10.18.8 Spam Statistics Package

Paul Graham has written an excellent essay about spam filtering using statistics: A Plan for Spam. In it he describes the inherent deficiency of rule-based filtering as used by SpamAssassin, for example: Somebody has to write the rules, and everybody else has to install these rules. You are always late. It would be much better, he argues, to filter mail based on whether it somehow resembles spam or non-spam. One way to measure this is word distribution. He then goes on to describe a solution that checks whether a new mail resembles any of your other spam mails or not.

The basic idea is this: Create a two collections of your mail, one with spam, one with non-spam. Count how often each word appears in either collection, weight this by the total number of mails in the collections, and store this information in a dictionary. For every word in a new mail, determine its probability to belong to a spam or a non-spam mail.
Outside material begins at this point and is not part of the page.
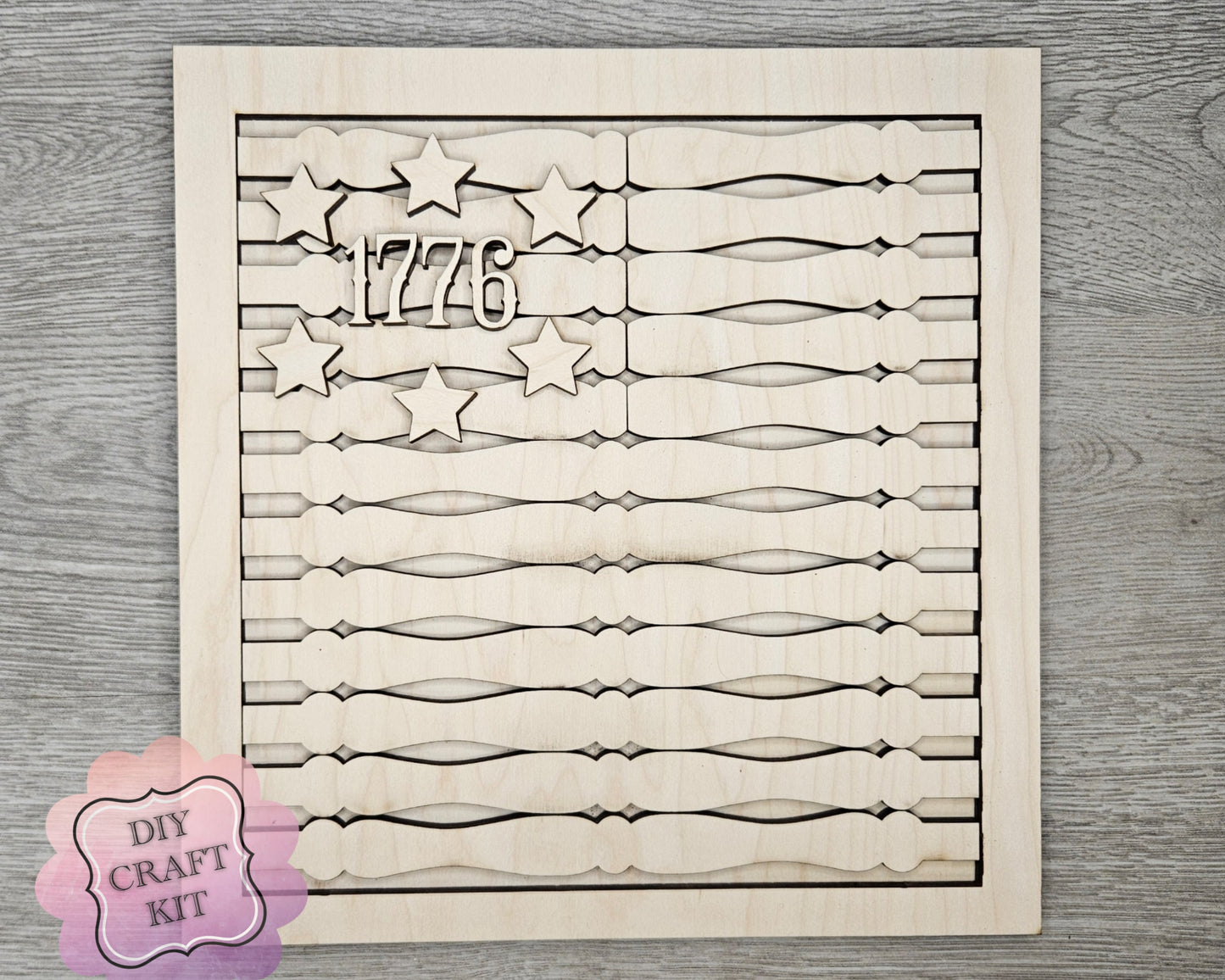 American Flag Spindle 1776 | #4177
Use the 15 most conspicuous words, compute the total probability of the mail being spam. If this probability is higher than a certain threshold, the mail is considered to be spam.

The Spam Statistics package adds support to Gnus for this kind of filtering. It can be used as one of the back ends of the Spam package (see Spam Package), or by itself.

Before using the Spam Statistics package, you need to set it up. First, you need two collections of your mail, one with spam, one with non-spam. Then you need to create a dictionary using these two collections, and save it. And last but not least, you need to use this dictionary in your fancy mail splitting rules.